**About this task**
All of the data is to be printed exactly, though the images must be left off.

***** Input data

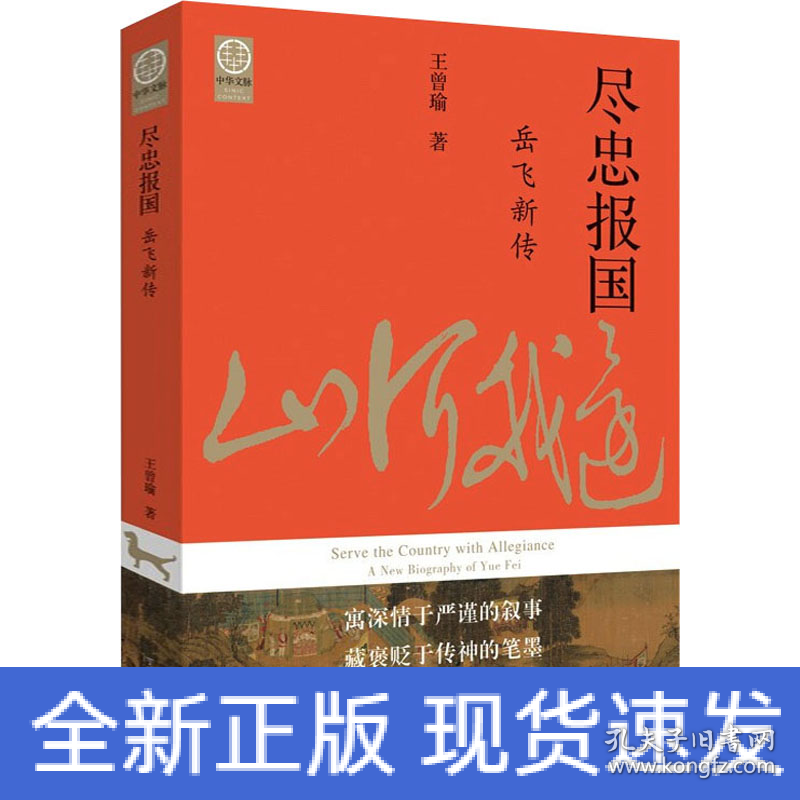尽忠报国 岳飞新传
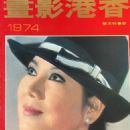 Ivy Ling Po - Hong Kong Movie News Magazine Cover [Hong Kong] (January 1974)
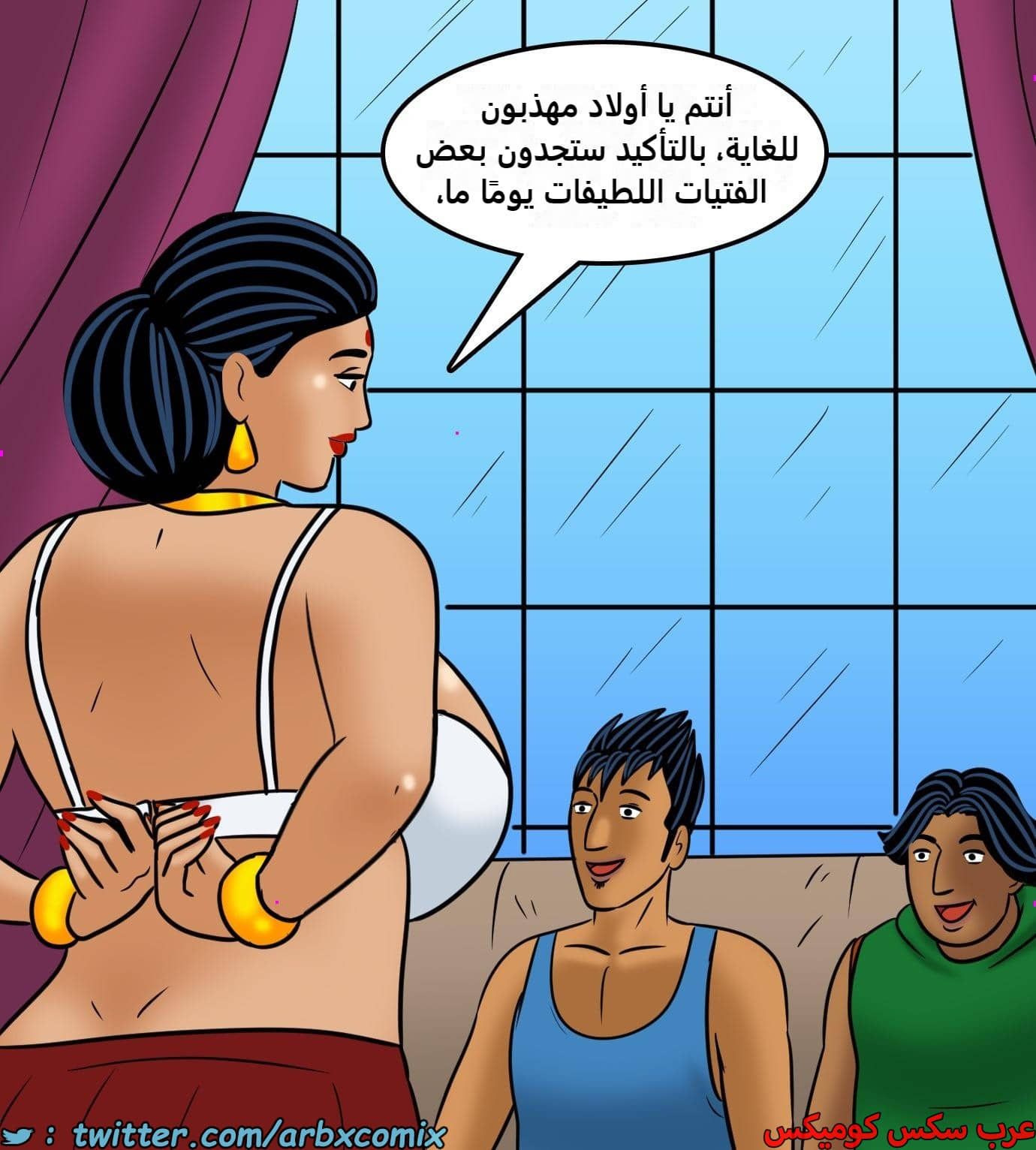 2433 فيلاما الجزء 115 2433 فيلاما الجزء 115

**********

**Exercise result**
尽忠报国 岳飞新传
 Ivy Ling Po - Hong Kong Movie News Magazine Cover [Hong Kong] (January 1974)
 2433 فيلاما الجزء 115 2433 فيلاما الجزء 115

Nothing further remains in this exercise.